Officers could also take on-the-spot photos of suspect and upload them instantaneously for identification purposes. The FBI is developing an application that can compare that photo taken in the field with a mugshot database. “Images are megabytes in size,” Schrier said, “so you need a really fast network to do it. That’s the kind of network that Harris County stood up.” In addition, officers could access surveillance cameras on their beats that were connected to the network.
The nationwide part of the network means that applications and devices will interoperate and will work regardless of location. The FirstNet board will help develop the technical specs for the network.
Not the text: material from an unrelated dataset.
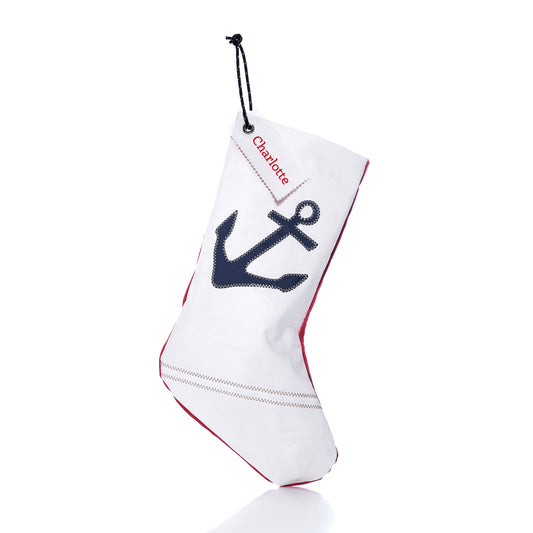 Navy Anchor Stocking with Personalized Sail Cloth Tag featuring a white eco-friendly sail-cloth design, a dark blue anchor, and a custom name tag reading “Charlotte.”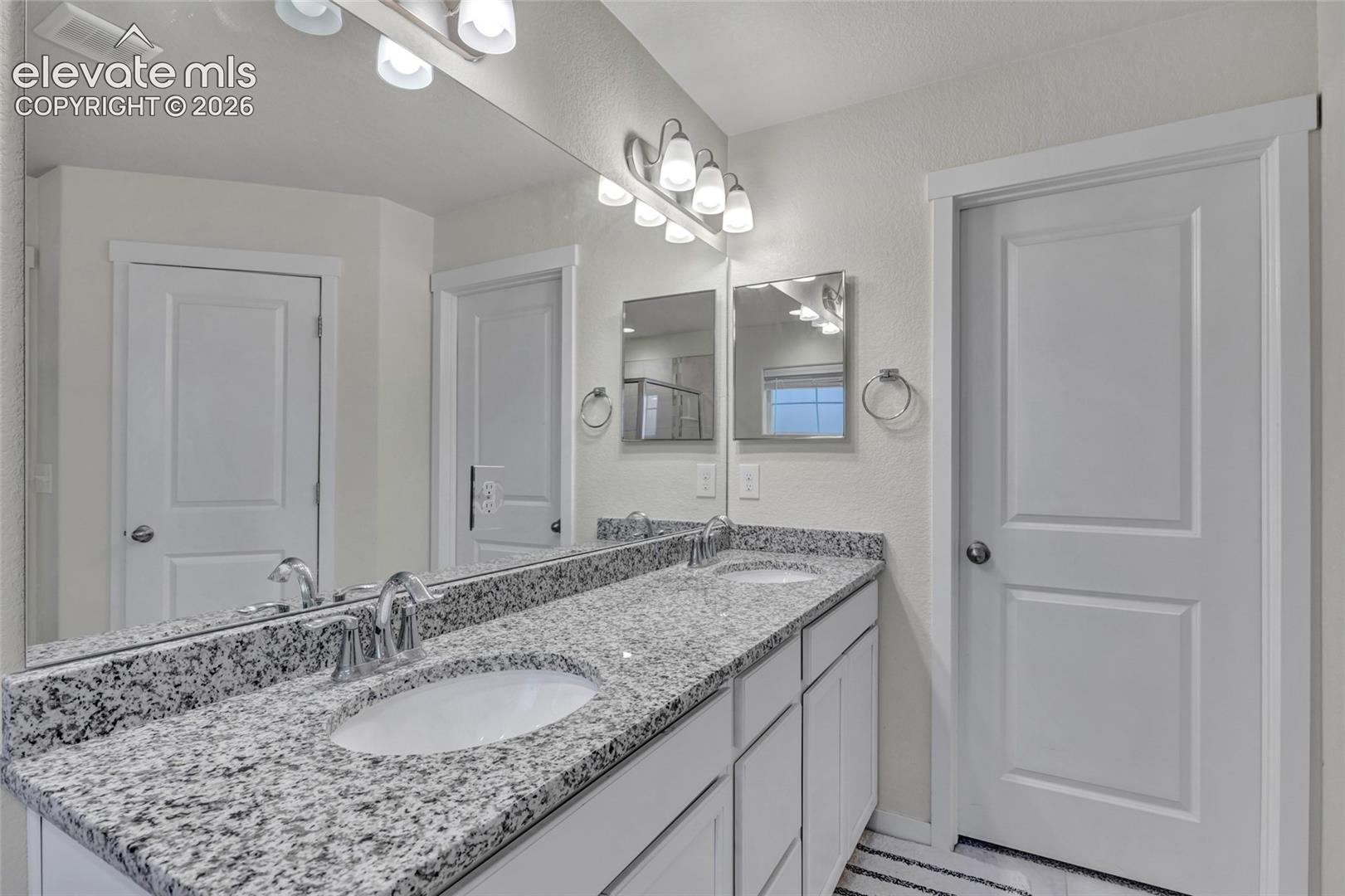 Double vanity with speckled stone countertop and undermount sinks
Schrier is enthusiastic about the network and about the “network number,” assigned to the new system. “Every network in the world — including commercial networks like Verizon, AT&T or Sprint — has a network number. For the first time, we have a network number assigned for public safety. And that number is 313-100. And Houston actually came up using that network number for 14 sites. But eventually, that network number will be used by maybe millions of responders and tens of thousands of network sites across the country.”